>>
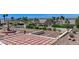 Landscaped backyard boasts a fountain, planters, and a view of the Las Vegas skyline at 931 Temple View Dr, Las Vegas, NV 89110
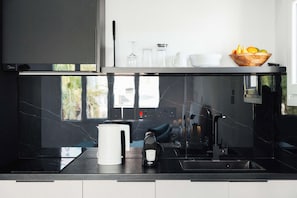 A modern kitchen with a black countertop, a coffee machine, and a bowl of fruit on the shelf. - Modern Central Studio Walk to Beach & Dining (Lemesos)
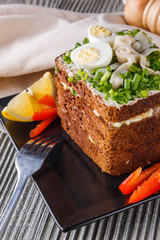a huge herring sandwich with mayonnaise and quail eggs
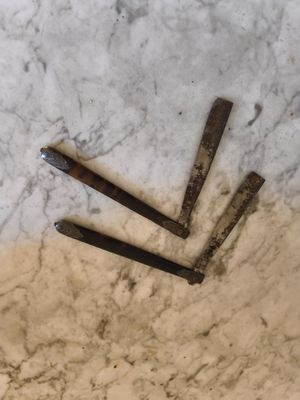 trois clous posés par terre les uns à côté des autres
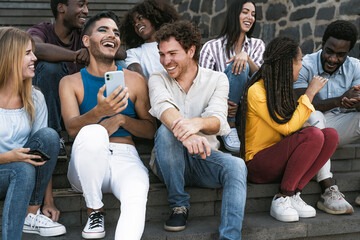  Young multiracial group of friends using mobile smartphone sitting on stairs - Youth millennial lifestyle concept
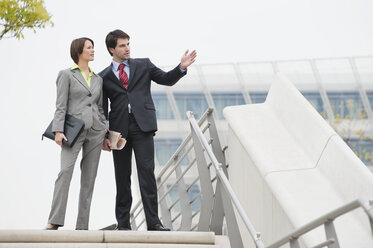 Germany, Hamburg, Business people standing discussing at stairway - WESTF015269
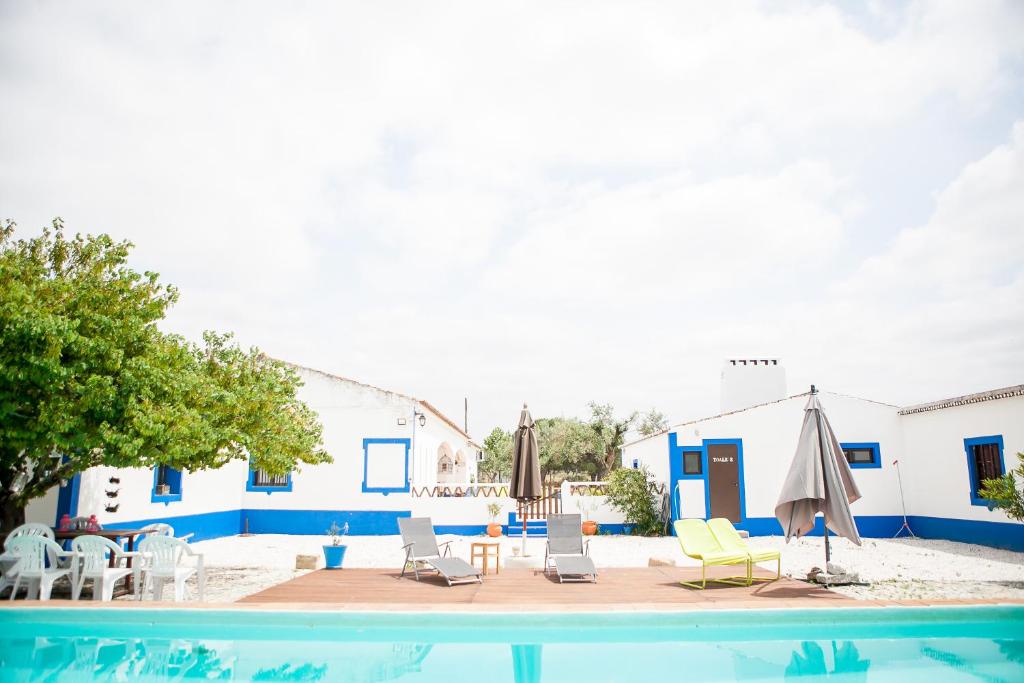 埃武拉Carrança Lounge的游泳池配有椅子、遮阳伞和桌子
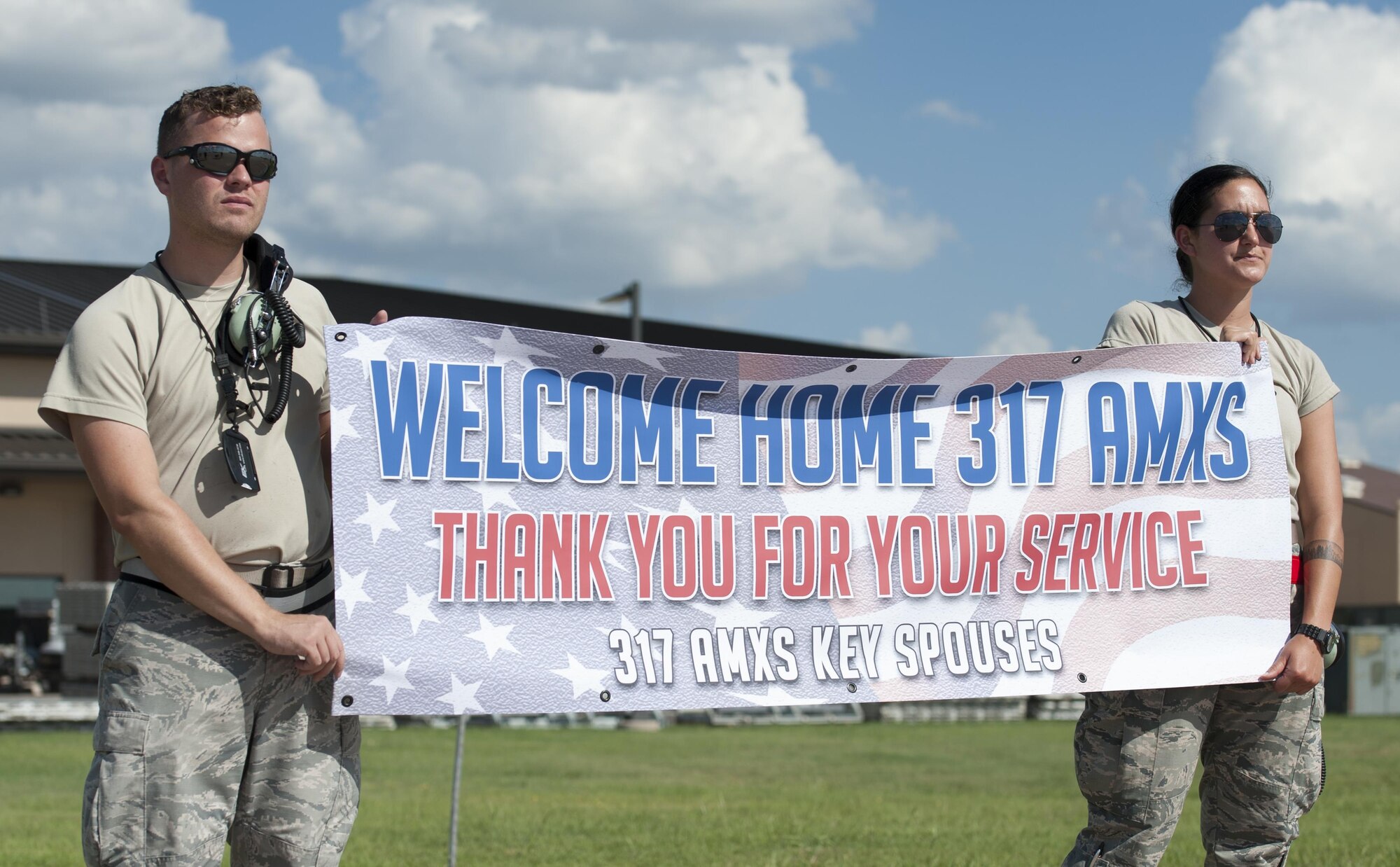 U.S. Air Force Senior Airman John Allen Kruczek and Airman 1st Class Roxanne Groschel, both 317th Aircraft Maintenance Squadron crew chiefs, hold up a sign welcoming members of the 317th AMXS returning from deployment at Dyess Air Force Base, Texas, Sept. 19, 2016. Airmen from the 317th Airlift Group and 7th Bomb Wing deployed to Djibouti, Africa in May 2016. (U.S. Air Force photo by Airman 1st Class Rebecca Van Syoc)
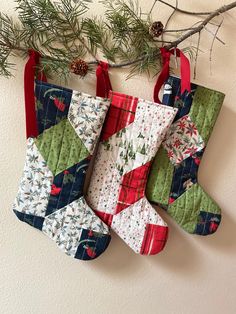 three christmas stockings hanging from a tree branch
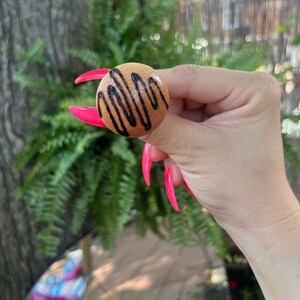 May include: A wooden button with a brown background and black wavy lines. The button is round and has a smooth surface.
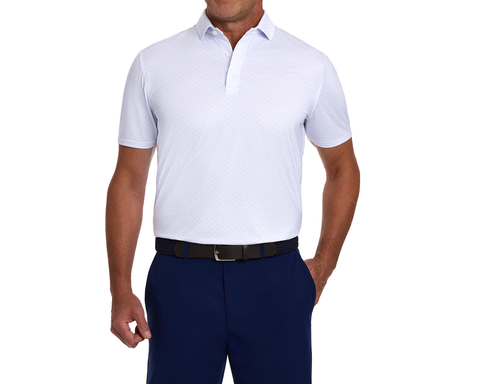 Man wearing The Cadogan Shirt: Tudor & Vista Blue, a breathable, short-sleeve polo with a structured spread collar, tucked into navy trousers.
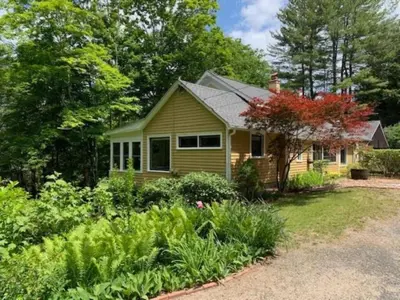 a yellow house with a garden in front of it at Luxurious Riverfront Cottage with a Hot Tub and a Fireplace near the Twin Lakes, Connecticut in Canaan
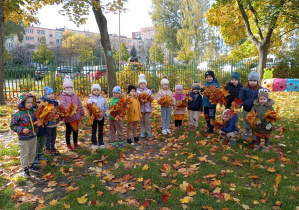 Dzieci z bukietami liści w ogrodzie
<<
*PROBLEM TO WORK ON*
Repeat each line above exactly as it reads, omitting any pictures.

*ANSWER TO THIS TASK*
 Landscaped backyard boasts a fountain, planters, and a view of the Las Vegas skyline at 931 Temple View Dr, Las Vegas, NV 89110
 A modern kitchen with a black countertop, a coffee machine, and a bowl of fruit on the shelf. - Modern Central Studio Walk to Beach & Dining (Lemesos)
a huge herring sandwich with mayonnaise and quail eggs
 trois clous posés par terre les uns à côté des autres
  Young multiracial group of friends using mobile smartphone sitting on stairs - Youth millennial lifestyle concept
 Germany, Hamburg, Business people standing discussing at stairway - WESTF015269
 埃武拉Carrança Lounge的游泳池配有椅子、遮阳伞和桌子
 U.S. Air Force Senior Airman John Allen Kruczek and Airman 1st Class Roxanne Groschel, both 317th Aircraft Maintenance Squadron crew chiefs, hold up a sign welcoming members of the 317th AMXS returning from deployment at Dyess Air Force Base, Texas, Sept. 19, 2016. Airmen from the 317th Airlift Group and 7th Bomb Wing deployed to Djibouti, Africa in May 2016. (U.S. Air Force photo by Airman 1st Class Rebecca Van Syoc)
 three christmas stockings hanging from a tree branch
 May include: A wooden button with a brown background and black wavy lines. The button is round and has a smooth surface.
 Man wearing The Cadogan Shirt: Tudor & Vista Blue, a breathable, short-sleeve polo with a structured spread collar, tucked into navy trousers.
 a yellow house with a garden in front of it at Luxurious Riverfront Cottage with a Hot Tub and a Fireplace near the Twin Lakes, Connecticut in Canaan
 Dzieci z bukietami liści w ogrodzie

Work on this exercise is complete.